What the task asks — Your task is to copy every line of the entries that holds the word "woman".

Given data —
== Segment start ==

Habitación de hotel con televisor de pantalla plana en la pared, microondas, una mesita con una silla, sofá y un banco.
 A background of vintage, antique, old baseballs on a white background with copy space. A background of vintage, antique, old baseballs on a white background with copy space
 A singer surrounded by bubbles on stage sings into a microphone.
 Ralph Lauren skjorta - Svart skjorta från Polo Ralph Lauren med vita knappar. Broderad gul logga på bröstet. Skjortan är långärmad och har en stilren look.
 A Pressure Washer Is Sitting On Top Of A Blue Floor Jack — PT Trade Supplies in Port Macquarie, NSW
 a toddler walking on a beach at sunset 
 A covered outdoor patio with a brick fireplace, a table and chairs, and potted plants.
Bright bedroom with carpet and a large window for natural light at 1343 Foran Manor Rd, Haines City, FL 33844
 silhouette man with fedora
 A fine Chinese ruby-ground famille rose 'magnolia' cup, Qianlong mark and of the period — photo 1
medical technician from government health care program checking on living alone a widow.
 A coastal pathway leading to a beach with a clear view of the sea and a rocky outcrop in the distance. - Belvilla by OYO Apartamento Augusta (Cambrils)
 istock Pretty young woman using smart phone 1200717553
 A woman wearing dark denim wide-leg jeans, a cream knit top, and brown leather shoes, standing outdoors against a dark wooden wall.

== Segment end ==

Expected answer —
 istock Pretty young woman using smart phone 1200717553
 A woman wearing dark denim wide-leg jeans, a cream knit top, and brown leather shoes, standing outdoors against a dark wooden wall.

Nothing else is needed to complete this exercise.